Method for preparing clean insulating single or few sheets of topological insulators using an ionic liquid

Abstract

A method to produce high quality single or a few atomic layers thick samples of a topological insulating layered dichalcogenide. The overall process involves grinding layered dichalcogenides, adding them to an ionic liquid, and then using a mechanical method to cause intercalation of the ionic liquid into the van der Waals (VDW) gap between the layers of the metal chalcogenide.

Claims

1. A method for preparing clean, insulating sheets of a topological insulator, comprising: adding a layered dichalcogenide to an ionic liquid, wherein the dichalcogenide comprises bismuth, and wherein the ionic liquid comprises 1,2-dimethyl-3-octylimidazolium paired with bis(trifluoromethanesulfonyl)imide; using a mechanical method to cause intercalation of the ionic liquid into a van der Waals gap between the layers of the dichalcogenide; and continuing the mechanical method to cause an individual sheet of the layered dichalcogenide to break apart or to cause a few sheets of the layered dichalcogenide to break apart with no bismuth remaining between the layers.

2. The method of claim 1, wherein the layered dichalcogenide is Bi.sub.2X.sub.3, where X is Se or Te.

3. The method of claim 1, wherein the mechanical method comprises a vibrational interaction.

4. The method of claim 1, wherein the mechanical method comprises micro stirring and sonication of less than 20 joules of energy.

5. The method of claim 1, wherein the mechanical method comprising stirring and applying heat.

6. Insulating sheets of a topological insulator made by the method, comprising: adding a layered dichalcogenide to an ionic liquid, wherein the dichalcogenide comprises bismuth, and wherein the ionic liquid comprises 1,2-dimethyl-3-octylimidazolium paired with bis(trifluoromethanesulfonyl)imide; using a mechanical method to cause intercalation of the ionic liquid into a van der Waals gap between the layers of the dichalcogenide; and continuing the mechanical method to cause an individual sheet of the layered dichalcogenide to break apart or to cause a few sheets of the layered dichalcogenide to break apart with no bismuth remaining between the layers.
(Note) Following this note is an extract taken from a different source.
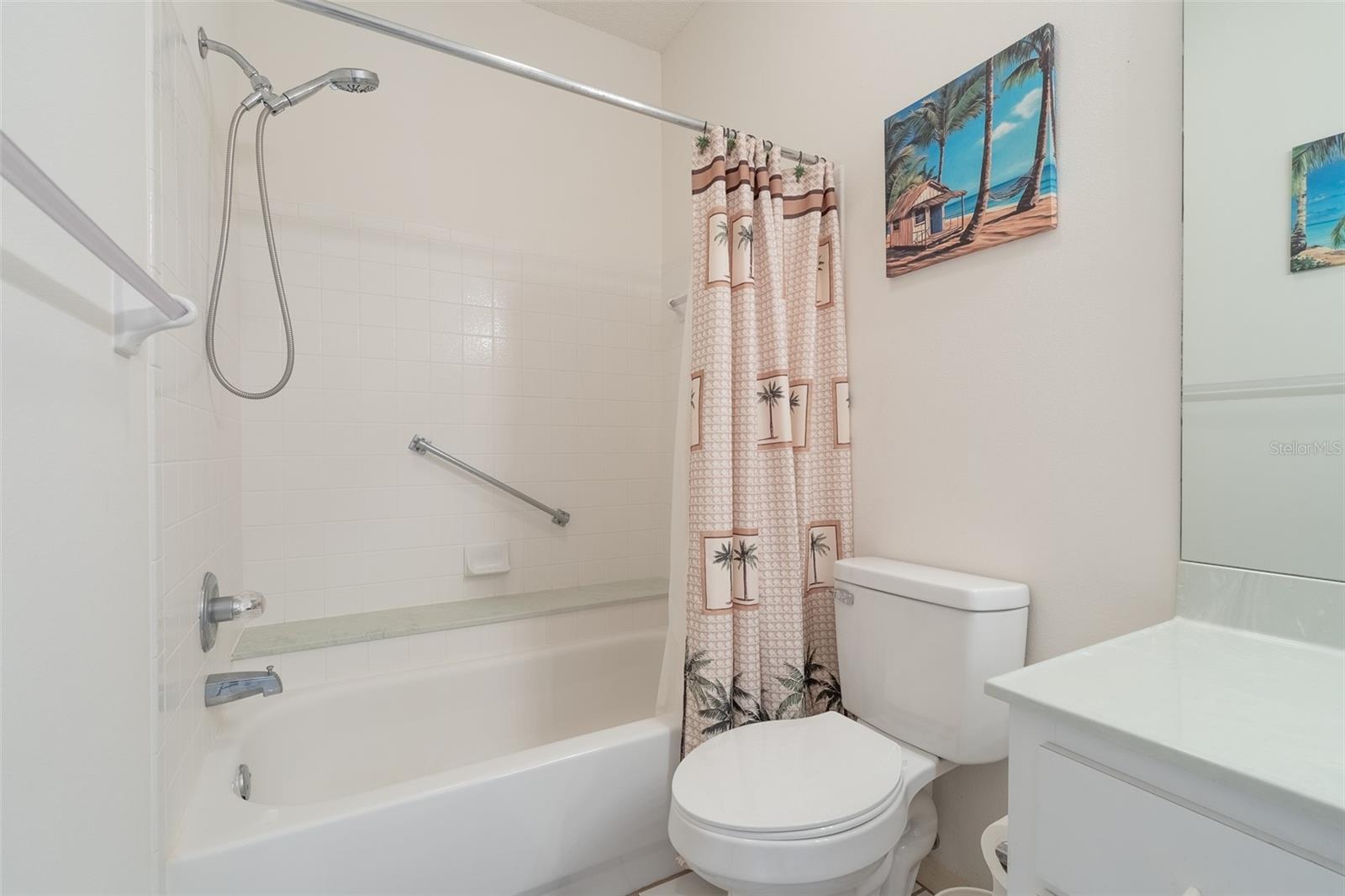 ON TOP/THE WORLD PH 01A SEC 02A - Residential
7. The insulating sheets of a topological insulator of claim 6, wherein the layered dichalcogenide is Bi.sub.2X.sub.3, where X is Se or Te.
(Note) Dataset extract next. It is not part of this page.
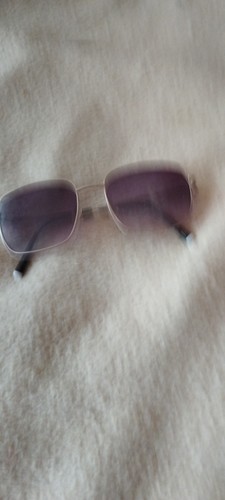 Eschenbach herren sonnenbrille - eschenbach,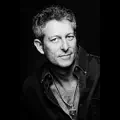 Kevin Correll -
8. The insulating sheets of a topological insulator of claim 6, wherein the mechanical method comprises a vibrational interaction.

9. The insulating sheets of a topological insulator of claim 6, wherein the mechanical method comprises micro stirring and sonication of less than 20 joules of energy.

10. The insulating sheets of a topological insulator of claim 6, wherein the mechanical method comprising stirring and applying heat.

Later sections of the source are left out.